I have been expecting the death of my family’s dog, Littles, for years, now. I’m home at my parents’ house for vacation, and I am once more considering her demise. She’s the first and only dog my family has had. She’s a Lab-Rottweiler mix, and when she looks at me with her deep brown eyes, I think she sees me as a bad person. I…
Don’t give food.
Sometimes here, sometimes gone. Confusing.
Took her on that really hard walk that one time. Did not bring treats.
She’s 14 years old, and one night wandered into the room where Mitch and I were sleeping. She never sleeps in there and I think she was lost. She lay down in the middle of the floor. Lying in bed with the lights off, Littles-the-aged sleeping on my floor making weird scooting, wheezing, scratching noises, I grew increasingly anxious. What if she dies, tonight, in here?
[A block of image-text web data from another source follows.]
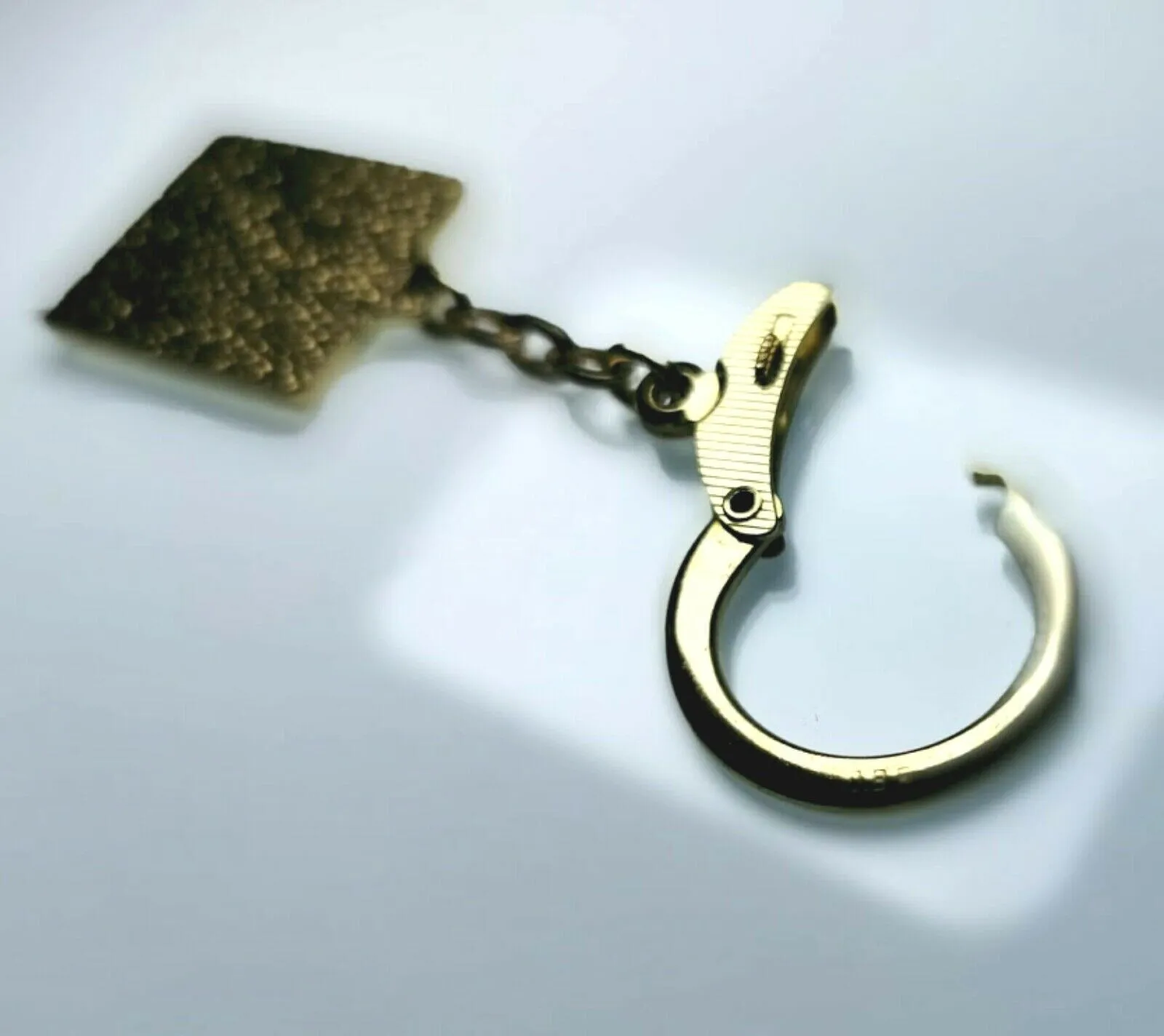 Mercedes Metall Schlüsselanhänger Anhänger Diamantschliff Stern Lüfterrad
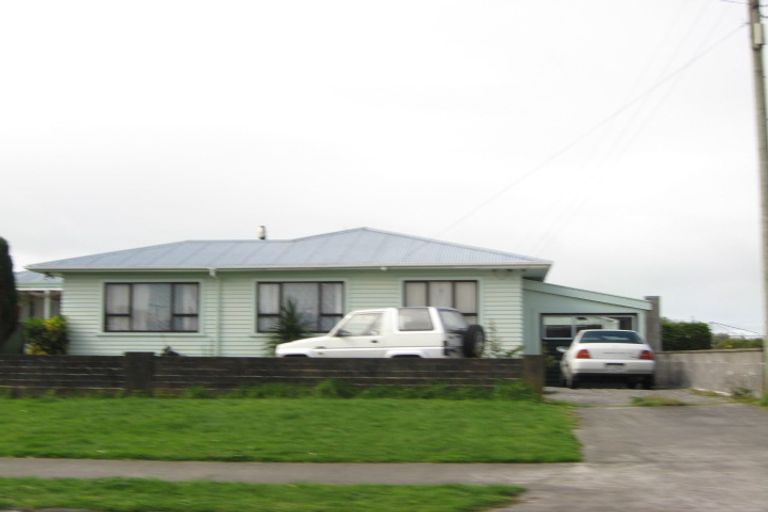 Photo of property in 114 Centennial Avenue, Waitara, 4320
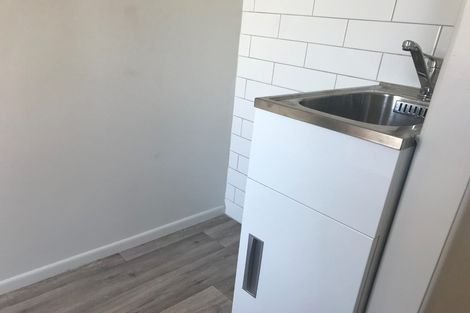 Photo of property in 1/42-44 Opaheke Road, Opaheke, Papakura, 2113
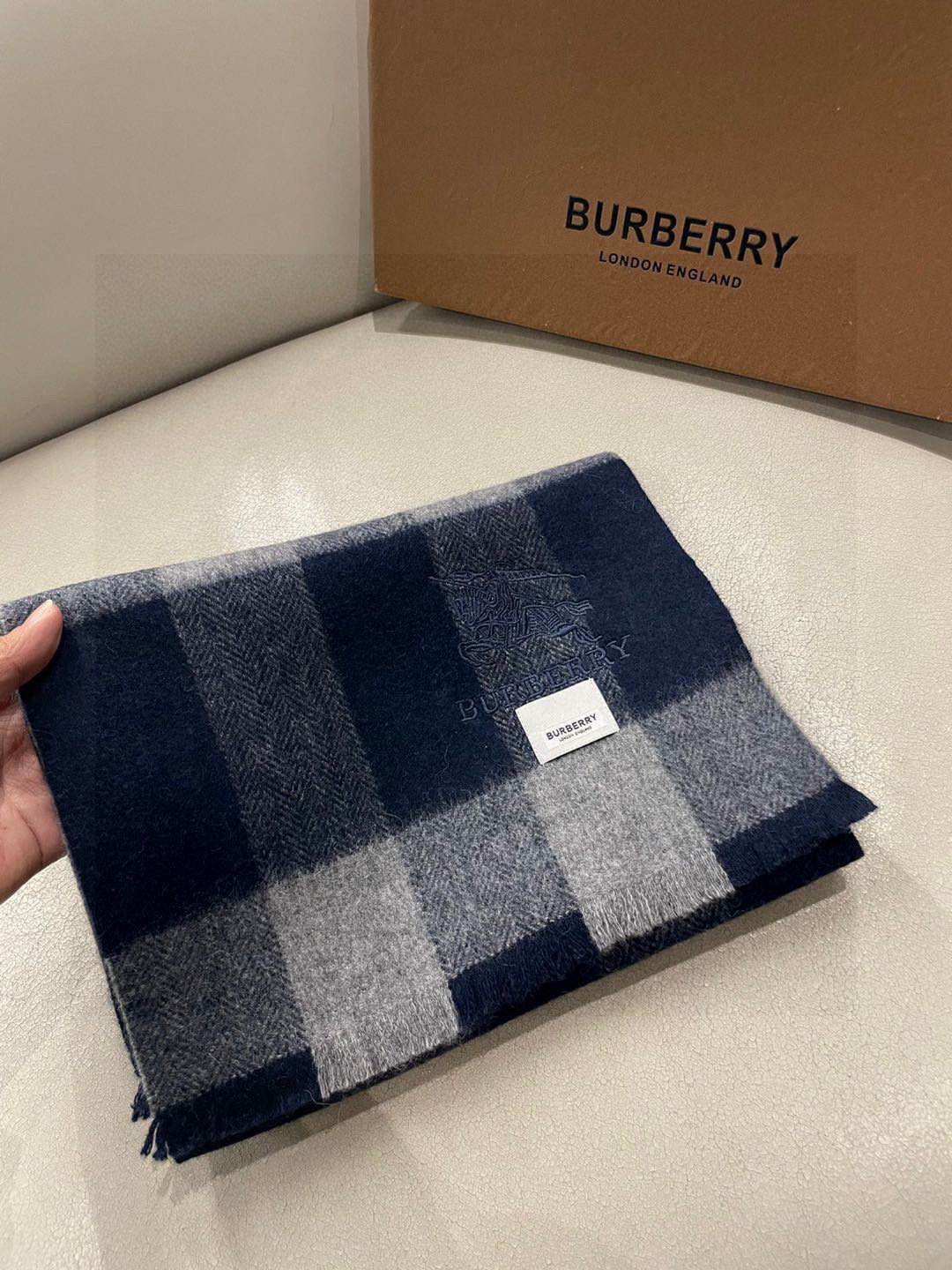 巴宝莉Bur新款羊绒男士格子好看的要疯掉了，太有型太有魅力了！！！非常斯文时尚的秋冬单品！真的很喜欢，非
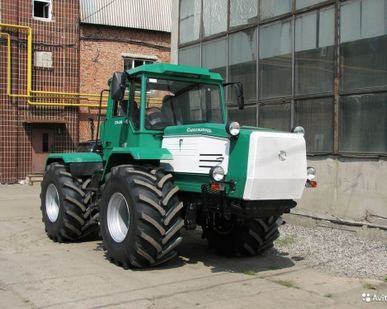 фото Трактор ХТА-250-10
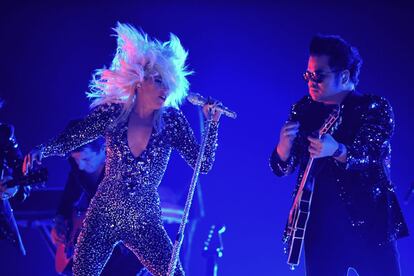 Lady Gaga durante su actuación en la ceremonia de los Grammy.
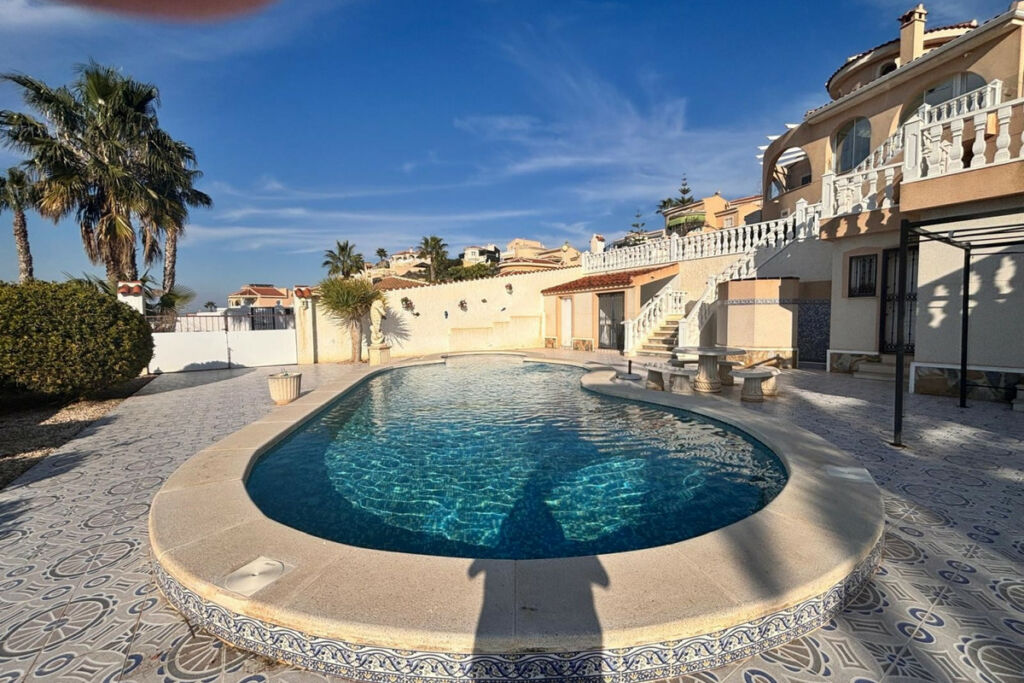 Detached Villa Ciudad Quesada Alicante - image 14
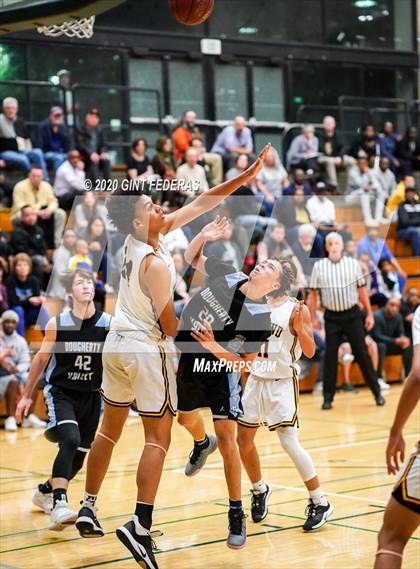 Thumbnail 1 in Bishop O'Dowd vs. Dougherty Valley (CIF NCS Open Division Quarterfinal) photogallery.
I turned on the lights and she looked at me, horror-stricken. Maybe she could sense my unease, and it worried her. Maybe she suddenly thought she was going to be stuck with me forever. I spoke soothingly to her, but she’s deaf. I tried to lure her out of the room, and she just looked confused. I brought her bed into the room so that she’d be less scared and realize that I have purpose as a human being. She didn’t move. Mitch told me to put it back.
I had thought that I had come to total terms with the fact that she’s old and going to die soon, in several years, or whenever. I had hugged and kissed her goodbye forever each time I left Colorado. I thought that took care of it. But I realized that if I woke up with her dead in my childhood room I would not be okay. I was frightened of the prospect of death so close to me and leaving actual remains, actual evidence beyond memories and an emotional connection. That kind of death feels so creepy and crazy and unreal.
She made it fine through the night, though. And now whenever she’s sleeping, I stare at her, making sure her body is still moving with breath.